Leonard came into the NBA with a good opportunity at becoming a rotation player right now due to both his athleticism and defensive mentality. With the Spurs coming off a first round exit at the hands of the younger Grizzlies in the 2011 NBA Playoffs, the roster was in dire need of the former.
Leonard earned the trust of Gregg Popovich during this season’s abbreviated training camp and played 14 minutes in his professional debut on Dec. 26 (six points and six rebounds against the Grizzlies). Since then, his playing time has steadily increased. He averaged 28.2 minutes per game in March, while contributing 11.1 points, 6.5 rebounds and 1.7 steals.
He is in the enviable position of being a rookie on a good team that is also getting considerable run.
“I didn’t anticipate that at all. I was just trying to make sure I got drafted,” Leonard told RealGM when asked if he could have foreseen his good fortune.
A hybrid forward, Leonard shot 55.5% from the field last month, including 43.2% from deep. You could say that he is a very good rebounder for someone who hangs around the perimeter more than most forwards, or that he has a great shot for a player with his length.
He is far from polished offensively, but in true San Antonio fashion, they haven’t asked him to step outside of his comfort zone. He fits very nicely into what Popovich has done this season, but there may come a time when his tweener status will be a problem. Leonard is too slight to bang with a traditional power forward and if asked to score more as a three, he won’t be nearly as efficient.

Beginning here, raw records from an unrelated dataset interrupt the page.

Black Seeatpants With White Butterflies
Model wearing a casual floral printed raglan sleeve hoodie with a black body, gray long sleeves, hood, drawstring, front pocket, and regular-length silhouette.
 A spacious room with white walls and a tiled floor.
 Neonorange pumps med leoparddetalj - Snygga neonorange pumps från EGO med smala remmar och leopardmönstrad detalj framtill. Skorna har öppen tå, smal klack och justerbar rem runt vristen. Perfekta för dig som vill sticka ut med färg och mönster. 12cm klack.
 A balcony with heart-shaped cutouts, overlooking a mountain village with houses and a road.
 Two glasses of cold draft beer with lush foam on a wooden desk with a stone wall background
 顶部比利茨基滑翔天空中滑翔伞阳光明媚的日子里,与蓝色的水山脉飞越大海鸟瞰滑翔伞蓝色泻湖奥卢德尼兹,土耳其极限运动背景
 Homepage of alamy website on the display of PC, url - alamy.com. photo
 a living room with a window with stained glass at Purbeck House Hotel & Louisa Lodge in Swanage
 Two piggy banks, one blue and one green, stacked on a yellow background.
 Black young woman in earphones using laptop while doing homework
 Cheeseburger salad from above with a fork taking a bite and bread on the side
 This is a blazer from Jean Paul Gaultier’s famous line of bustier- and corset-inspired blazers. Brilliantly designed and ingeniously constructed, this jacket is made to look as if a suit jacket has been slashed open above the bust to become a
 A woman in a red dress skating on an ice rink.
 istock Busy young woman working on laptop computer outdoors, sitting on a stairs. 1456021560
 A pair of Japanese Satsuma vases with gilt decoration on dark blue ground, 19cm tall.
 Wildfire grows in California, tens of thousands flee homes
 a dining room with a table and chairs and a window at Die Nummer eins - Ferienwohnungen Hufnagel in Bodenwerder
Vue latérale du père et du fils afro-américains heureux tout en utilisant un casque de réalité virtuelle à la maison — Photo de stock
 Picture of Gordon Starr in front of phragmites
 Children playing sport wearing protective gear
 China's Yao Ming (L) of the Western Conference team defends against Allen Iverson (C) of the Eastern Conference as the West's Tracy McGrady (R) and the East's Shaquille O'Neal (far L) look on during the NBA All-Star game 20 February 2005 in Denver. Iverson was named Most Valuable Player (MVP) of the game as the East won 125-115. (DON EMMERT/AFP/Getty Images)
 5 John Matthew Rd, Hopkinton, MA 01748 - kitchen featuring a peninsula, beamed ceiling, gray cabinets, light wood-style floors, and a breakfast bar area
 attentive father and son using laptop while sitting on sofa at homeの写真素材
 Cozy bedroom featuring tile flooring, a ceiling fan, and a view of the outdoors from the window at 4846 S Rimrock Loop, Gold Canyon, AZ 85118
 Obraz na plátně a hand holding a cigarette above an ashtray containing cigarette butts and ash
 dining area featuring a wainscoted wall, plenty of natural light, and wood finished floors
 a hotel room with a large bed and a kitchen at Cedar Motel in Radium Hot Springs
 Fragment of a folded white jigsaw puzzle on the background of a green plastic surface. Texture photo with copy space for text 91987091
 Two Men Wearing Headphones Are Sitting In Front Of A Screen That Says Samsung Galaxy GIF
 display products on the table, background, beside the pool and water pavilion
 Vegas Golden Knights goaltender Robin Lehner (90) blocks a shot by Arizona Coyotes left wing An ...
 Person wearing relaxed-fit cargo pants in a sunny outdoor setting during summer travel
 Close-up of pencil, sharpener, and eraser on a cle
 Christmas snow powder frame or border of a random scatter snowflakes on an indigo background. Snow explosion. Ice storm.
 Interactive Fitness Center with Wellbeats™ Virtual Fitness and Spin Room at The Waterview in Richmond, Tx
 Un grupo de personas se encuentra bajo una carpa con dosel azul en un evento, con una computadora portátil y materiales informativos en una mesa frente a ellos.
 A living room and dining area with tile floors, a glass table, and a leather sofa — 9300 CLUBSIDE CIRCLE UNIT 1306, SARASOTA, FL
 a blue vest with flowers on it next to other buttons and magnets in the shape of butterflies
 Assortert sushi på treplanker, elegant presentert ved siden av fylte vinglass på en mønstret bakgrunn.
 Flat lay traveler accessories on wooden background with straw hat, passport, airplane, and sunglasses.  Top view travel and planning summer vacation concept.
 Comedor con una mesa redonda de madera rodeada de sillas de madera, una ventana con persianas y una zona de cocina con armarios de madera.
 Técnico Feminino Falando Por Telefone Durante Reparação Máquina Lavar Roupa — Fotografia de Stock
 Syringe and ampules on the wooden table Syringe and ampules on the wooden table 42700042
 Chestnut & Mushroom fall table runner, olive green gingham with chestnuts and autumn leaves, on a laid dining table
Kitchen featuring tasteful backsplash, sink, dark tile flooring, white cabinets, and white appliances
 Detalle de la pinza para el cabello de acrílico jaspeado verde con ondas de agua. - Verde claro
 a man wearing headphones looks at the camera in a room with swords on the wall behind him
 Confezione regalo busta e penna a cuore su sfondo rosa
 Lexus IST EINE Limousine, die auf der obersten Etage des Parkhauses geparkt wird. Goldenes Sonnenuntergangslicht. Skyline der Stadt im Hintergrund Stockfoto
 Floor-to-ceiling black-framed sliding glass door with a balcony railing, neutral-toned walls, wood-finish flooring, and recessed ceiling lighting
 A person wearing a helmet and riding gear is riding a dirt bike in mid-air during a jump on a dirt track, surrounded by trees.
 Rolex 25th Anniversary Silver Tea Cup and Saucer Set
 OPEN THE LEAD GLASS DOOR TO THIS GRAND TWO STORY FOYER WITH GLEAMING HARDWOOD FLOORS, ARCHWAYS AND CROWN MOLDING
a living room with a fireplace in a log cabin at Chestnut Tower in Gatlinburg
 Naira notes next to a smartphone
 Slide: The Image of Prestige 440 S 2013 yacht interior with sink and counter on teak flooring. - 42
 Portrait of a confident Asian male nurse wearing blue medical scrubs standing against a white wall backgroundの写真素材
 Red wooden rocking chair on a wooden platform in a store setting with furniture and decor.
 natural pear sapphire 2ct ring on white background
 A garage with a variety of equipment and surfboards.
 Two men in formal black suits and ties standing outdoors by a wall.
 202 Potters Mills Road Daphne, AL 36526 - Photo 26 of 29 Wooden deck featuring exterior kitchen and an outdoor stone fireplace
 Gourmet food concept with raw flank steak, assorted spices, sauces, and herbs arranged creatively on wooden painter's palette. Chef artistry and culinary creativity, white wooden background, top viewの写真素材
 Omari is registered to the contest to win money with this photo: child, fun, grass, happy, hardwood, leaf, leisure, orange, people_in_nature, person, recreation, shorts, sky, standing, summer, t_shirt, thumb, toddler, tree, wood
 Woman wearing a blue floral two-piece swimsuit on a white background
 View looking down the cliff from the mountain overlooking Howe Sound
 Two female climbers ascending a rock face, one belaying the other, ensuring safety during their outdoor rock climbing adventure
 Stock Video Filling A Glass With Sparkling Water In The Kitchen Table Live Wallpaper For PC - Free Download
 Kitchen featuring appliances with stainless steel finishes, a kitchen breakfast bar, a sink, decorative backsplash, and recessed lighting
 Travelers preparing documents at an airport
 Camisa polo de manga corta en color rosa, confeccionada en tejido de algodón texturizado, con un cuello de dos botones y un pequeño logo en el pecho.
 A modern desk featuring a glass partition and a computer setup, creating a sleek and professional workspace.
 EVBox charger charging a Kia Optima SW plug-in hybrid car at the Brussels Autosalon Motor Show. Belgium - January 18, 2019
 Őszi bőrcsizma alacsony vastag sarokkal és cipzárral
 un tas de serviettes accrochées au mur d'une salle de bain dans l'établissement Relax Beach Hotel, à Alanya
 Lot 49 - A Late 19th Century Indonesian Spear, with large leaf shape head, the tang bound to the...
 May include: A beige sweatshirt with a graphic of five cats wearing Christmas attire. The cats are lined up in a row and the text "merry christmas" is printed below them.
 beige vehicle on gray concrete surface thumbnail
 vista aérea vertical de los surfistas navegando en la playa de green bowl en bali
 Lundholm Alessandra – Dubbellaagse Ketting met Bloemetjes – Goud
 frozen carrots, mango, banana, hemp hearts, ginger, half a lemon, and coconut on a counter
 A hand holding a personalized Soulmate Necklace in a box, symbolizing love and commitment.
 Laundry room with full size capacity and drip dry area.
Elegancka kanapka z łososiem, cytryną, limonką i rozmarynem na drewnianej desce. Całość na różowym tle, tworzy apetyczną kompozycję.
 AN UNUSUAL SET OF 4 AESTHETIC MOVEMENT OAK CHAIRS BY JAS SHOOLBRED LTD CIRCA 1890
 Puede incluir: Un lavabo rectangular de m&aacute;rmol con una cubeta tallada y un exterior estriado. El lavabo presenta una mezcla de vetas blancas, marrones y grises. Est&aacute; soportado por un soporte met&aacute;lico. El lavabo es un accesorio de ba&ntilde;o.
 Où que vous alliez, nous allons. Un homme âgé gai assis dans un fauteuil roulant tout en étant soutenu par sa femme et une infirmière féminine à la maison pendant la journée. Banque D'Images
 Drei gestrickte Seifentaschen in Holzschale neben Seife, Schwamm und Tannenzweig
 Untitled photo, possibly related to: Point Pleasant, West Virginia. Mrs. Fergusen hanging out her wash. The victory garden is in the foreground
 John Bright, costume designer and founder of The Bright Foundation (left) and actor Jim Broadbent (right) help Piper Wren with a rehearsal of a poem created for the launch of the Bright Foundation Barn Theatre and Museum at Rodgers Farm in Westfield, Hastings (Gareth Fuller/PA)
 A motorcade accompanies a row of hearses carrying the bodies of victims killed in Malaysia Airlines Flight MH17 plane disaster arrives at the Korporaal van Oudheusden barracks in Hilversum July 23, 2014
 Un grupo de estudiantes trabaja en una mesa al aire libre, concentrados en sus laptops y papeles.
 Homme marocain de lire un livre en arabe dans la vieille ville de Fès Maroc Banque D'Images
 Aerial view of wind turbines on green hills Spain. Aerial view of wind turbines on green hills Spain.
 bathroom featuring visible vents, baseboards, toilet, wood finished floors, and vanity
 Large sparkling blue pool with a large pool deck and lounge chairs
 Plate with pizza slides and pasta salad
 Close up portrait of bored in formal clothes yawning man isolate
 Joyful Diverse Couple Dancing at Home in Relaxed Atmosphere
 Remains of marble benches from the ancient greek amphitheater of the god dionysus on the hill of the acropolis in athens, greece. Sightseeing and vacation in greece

Leonard has attempted more than eight shots in just 15 of his 51 games.
An injury to Manu Ginobili, opened up a spot in the starting lineup in early January and the rookie handled the promotion well. He was featured a bit more offensively as a starter, attempting more shots (8.0 to 4.9) in eight more minutes of playing time.
“He didn’t talk to me much about it,” Leonard said of what Popovich asked of him when he entered the starting lineup. “He just said I’d be starting, but my role with the team would be the same. My role really hasn’t changed as the season has gone on.”
That role involves playing tough defense, hitting a few perimeter shots and crashing the boards. He’s done all of those things well. He grabs a higher percentage of available offensive rebounds than Tim Duncan (8.4% to 7.7%), rarely turns the ball over and has a low usage rate for someone with an above-average PER (17.0). He also has the second-best defensive rating among San Antonio’s regulars.
Only Tony Parker (5.9) and Duncan (4.4) have more Win Shares than Leonard (4.3).
“I learn a lot each game, just competing and valuing each possession,” Leonard said of his veteran teammates. “They’ve taught me to play hard every game.”